[AVAILABLE DATA]

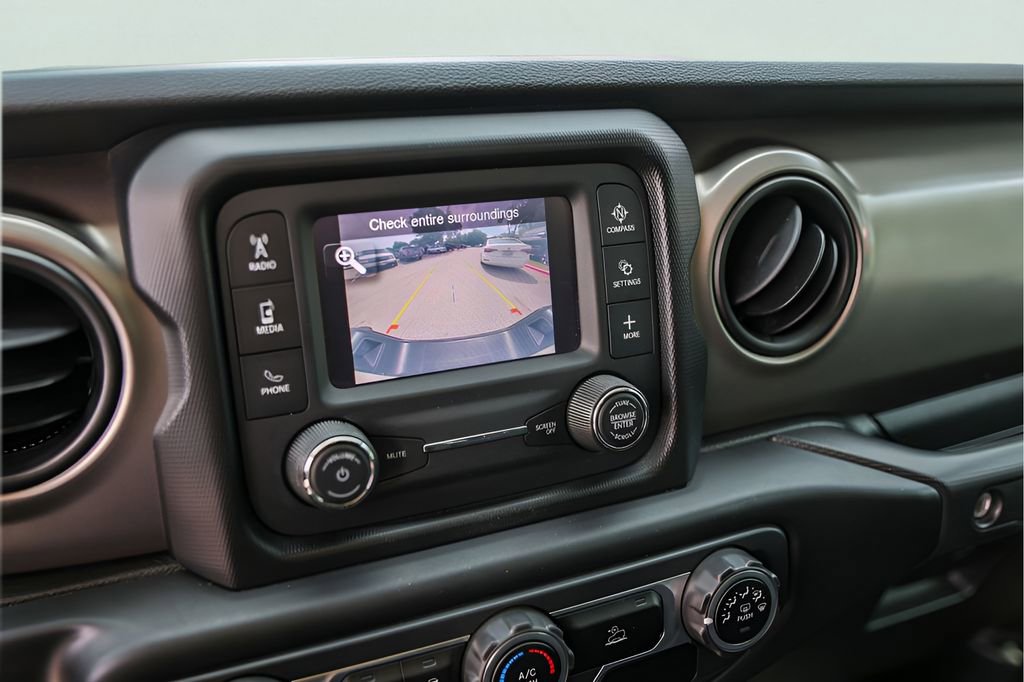 Used 2020 Jeep Gladiator Sport AWD/4WD image 18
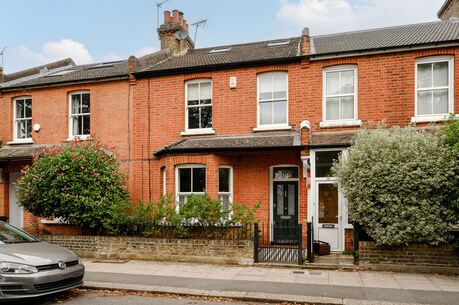 4 bedroom mid terraced house for sale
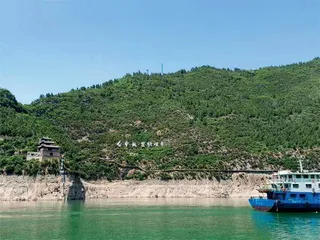 塔影轻舟过 信号越万山3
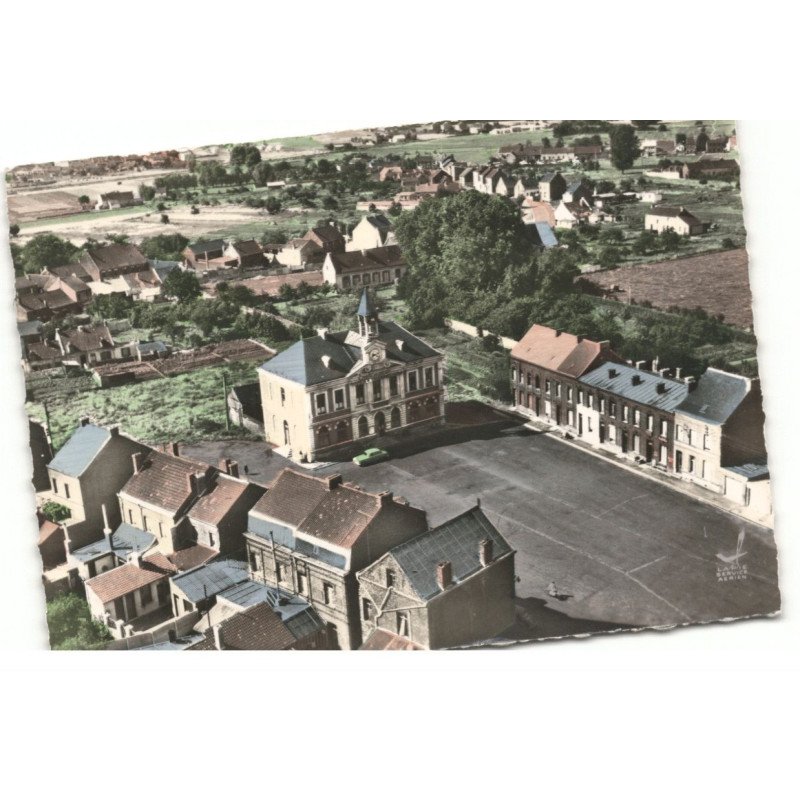 BRUAY-sur-ESCAUT: la mairie vue aérienne 10X15 - tres bon etat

[/AVAILABLE DATA]

HOW TO COMPLETE THIS TASK :: Leave the pictures out and return the rest of the material exactly.

REPLY TO THE EXERCISE ::
 Used 2020 Jeep Gladiator Sport AWD/4WD image 18
 4 bedroom mid terraced house for sale
 塔影轻舟过 信号越万山3
 BRUAY-sur-ESCAUT: la mairie vue aérienne 10X15 - tres bon etat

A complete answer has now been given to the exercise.